# Awk

[GNU Gawk User's Manual](https://www.gnu.org/software/gawk/manual/gawk.html)

[Awk on Wikipedia](https://en.wikipedia.org/wiki/AWK)

##### Tutorial Derived from the following:
http://linuxcommand.org/lc3_adv_awk.php

## History

The AWK programming language is truly one of the classic tools used in Unix. It dates back to the very earliest days of the Unix tradition. It was originally developed in the late 1970's at Bell Telephone Laboratories by Alfred Aho, Peter Weinberger, and Brian Kernighan. The name "AWK" comes from the last names of the three authors. It underwent major improvements in 1985 with the release of nawk or "new awk." It is that version that we still use today, though it is usually just called awk.

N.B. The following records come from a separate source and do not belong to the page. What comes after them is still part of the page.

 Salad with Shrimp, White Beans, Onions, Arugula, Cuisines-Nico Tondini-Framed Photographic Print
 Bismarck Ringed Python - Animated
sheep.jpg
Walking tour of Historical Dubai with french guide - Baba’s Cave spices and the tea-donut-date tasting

## So, What's It Good For?

Though AWK is fairly general purpose, it is really designed to create filters, that is, programs that accept standard input, transform data, and send it to standard output. In particular, AWK is very good at processing columnar data. This makes it a good choice for developing report generators, and tools that are used to re-format data. Since it has strong regular expression support, it's good for very small text extraction and reformatting problems, too. Like sed, many AWK programs are just one line long.

In recent years, AWK has fallen out of fashion, being supplanted by other, newer, interpreted languages such as Perl and python, but AWK still has some advantages:

 - It's easy to learn. The language is not overly complex and has a syntax much like the C programming language, so learning it will be useful in the future when we study other languages and tools.

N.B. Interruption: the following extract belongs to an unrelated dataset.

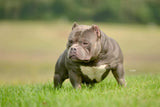 Gr.Ch Luca Brasi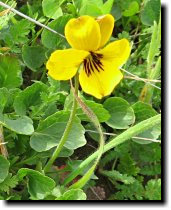 [ golden violet (or Douglas' violet, or Johnny jump-up) ]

 - It really excels at a solving certain types of problems.

## How It Works

 - Operates on a single `record` at a time
 
 - A `record` is a single line of text terminate by a newline character `\n`
 
 - Each `record` is separated into `fields`, which by default are separated by white space
 
 - Fields are given numeric variables: `$1`, `$2`, `$3`, `$4`, `$5`.....and so on and so on.
 
 - The field `$0` is special and representes the entire `record`.

In [None]:
awk --version

### The first example

In [None]:
ls -l /usr/bin | awk '{print $0}'

### Breaking down the first example

- The awk program is contained within the single quotation marks `'{print $0}'`

- Quotation marks prevent the shell from expanding the `$` symbol

- The output of `ls -l /usr/bin` is piped into our program line by line, i.e. record by record.

- `{print $0}` prints out the entire record.

In [None]:
# print the first field

ls -l /usr/bin | awk '{print $1}'

In [None]:
# print the ninth field

ls -l /usr/bin | awk '{print $9}'

Most lines returned by `ls -l /usr/bin` have nine fields separated by whitespace.

But some files in `/usr/bin` are symbolically links to other files, which show up in subsequent fields.

Let's find these by print all records where the number of fields exceeds 9.

In [None]:
ls -l /usr/bin | awk 'NF > 9 {print $0}'

### Special patterns

Awk patterns can run in many forms, such as conditional expressions in the above example and regular expressions.

Two special patterns exist: `BEGIN` and `END`

- `BEGIN` carries out its action before the first record is read
- `END` carries out its action after the last record is read

### Special Pattern Example

##### Building a directory report

Let's employ `BEGIN` and `END` to build a directory report from `ls -l /usr/bin`. 

Steps:

1) Use `BEGIN` to make a header.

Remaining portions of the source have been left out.